Bing Ads has rolled out a new system of tracking valuable actions that result from the ad campaigns run on their platform. It’s called Universal Event Tracking (UET). With one snippet of code placed across your entire website, UET tracks not only macro-conversions like sales or leads, but also does the following:
- Tracks micro-conversions like visit duration, bounce rate, pages per visit or meaningful events (events require a small additional script, see below).
- Tracks dynamic revenue numbers for sales with different values.
- Abandons cookies for identifying users in favor of user IDs. User IDs provide the ability to track users across devices as far back as 90 days. The downside is they can only do this when they “know devices belong to the same user” (BingAds’ words). Translation – it can only work for users logged into their Microsoft account.
- Allows for remarketing functionality rumored to be released to all advertisers in late 2015. Most sites use Google Analytics to create their remarketing audiences. But these audiences aren’t available to be used in BingAds. Therefore, Bing had to create a way for audiences to be created if they wanted to offer remarketing campaign capability. This is their solution. If you get this set up right away, users can start being tagged before remarketing capability even gets launched. When it does, it will put you ahead of the curve. To start, you’ll only be able to do search remarketing ads. This means you can target users who have been to your website previously and are doing subsequent searches within their search network.
And it does all of this with just that one code! As another blogger put it, it’s one tag to rule them all :). After it’s set up, you can add new goals without having to create or implement any new tags.
Migrating over to UET is mandatory as the old conversion tracking system (Campaign Analytics conversion tracking) will eventually be done away with.
How to set up
If you have a BingAds account or are going to set one up, here’s how to get the new tracking system working for you. Login to your BingAds account. First, we’re going to navigate to the place in the interface where you’ll create your first goal:
Click “Create Goal” and fill in the appropriate information to create your first goal and UET tag. For my account, I wanted to create an engagement goal for sessions with a duration longer than 3 minutes:
Once you hit “Save,” you’ll end up on the Goals and Conversions page. To get the UET tag placed on every page of your site, select the goal you created and click “View tag:”

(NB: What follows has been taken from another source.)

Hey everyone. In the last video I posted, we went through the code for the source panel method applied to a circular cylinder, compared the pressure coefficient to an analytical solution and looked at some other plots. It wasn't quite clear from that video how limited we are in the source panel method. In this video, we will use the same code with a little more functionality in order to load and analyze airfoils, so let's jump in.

You can either copy the tag and paste it into every page of your site or email it to your webmaster to do it.
Special situations
If your goal isn’t a destination page with a consistent goal value, duration or pages per visit goal, you’ll need to do a bit more. There are two main applications where this would be the case:
- Tracking Events. For an event like a button click, you need to add an additional snippet of code to your site. This doesn’t go on all pages, though. It only goes in the code where the event is fired.

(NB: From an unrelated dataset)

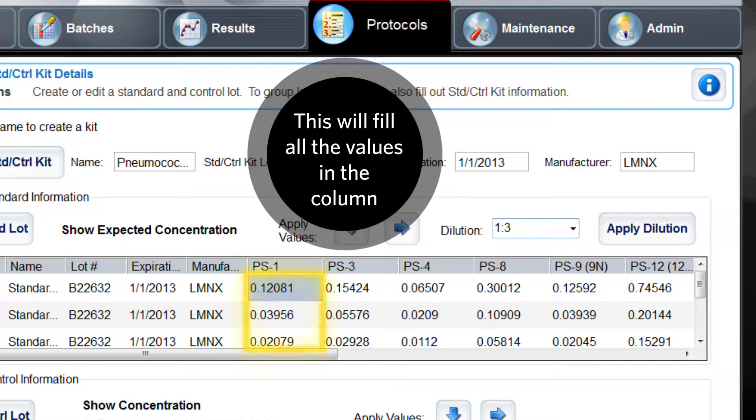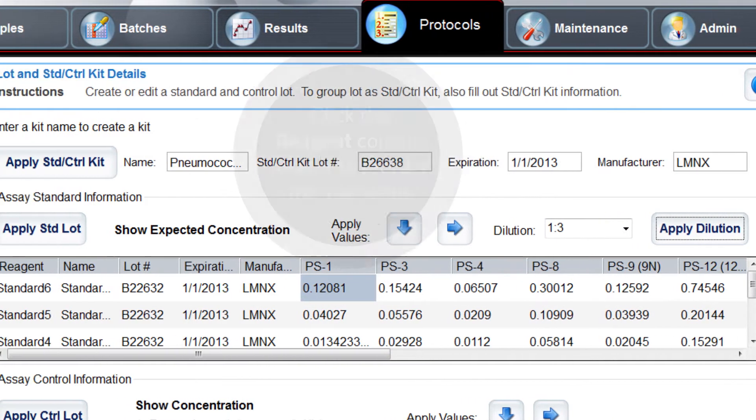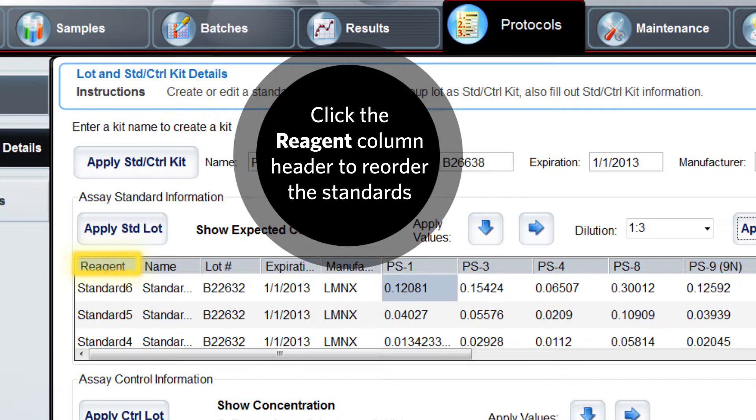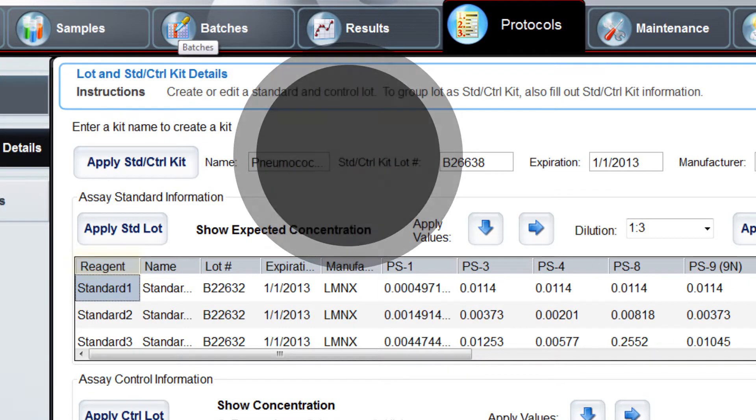This will fill the values down all standards in that column. You may click the reagent column header again to reorder the standards by number.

- E-commerce Revenue. For most e-commerce sites, each sale has a unique value. To make your goal value dynamic so that the exact value of each transaction is passed to BingAds, you have to script them into the destination or event goals.
You can find the instructions for implementing both of these here.
Using with tag managers
If you use a tag manager for your business, the BingAds blog provided a nice post on implementing UET with some popular tag management solutions.

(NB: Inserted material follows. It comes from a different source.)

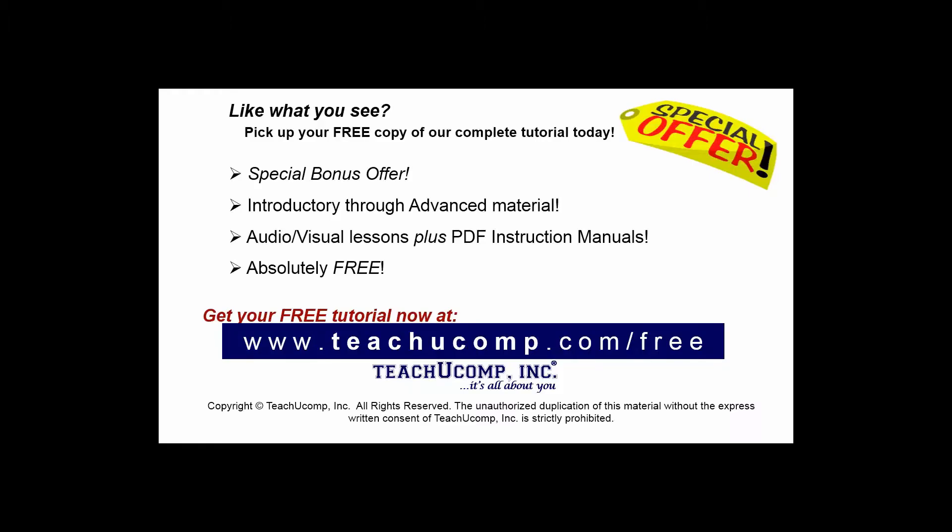Like what you see? Pick up your free copy of the complete tutorial at www.teachucomp.com forward slash free.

Remember it uses last click attribution
Finally, when analyzing the data about actions that have occurred through your campaigns, you should remember one thing: UET (like Google Analytics) follows the last click attribution model for giving credit for conversions to specific keyword clicks for up to 90 days. Any previous click from your campaigns to the last click is counted as an assist. Therefore, when painting a picture of the value that different campaigns, devices, etc., drive for your business, make sure you report and analyze performance with a multi-channel attribution model. This will help ensure you give the correct credit to the correct sources.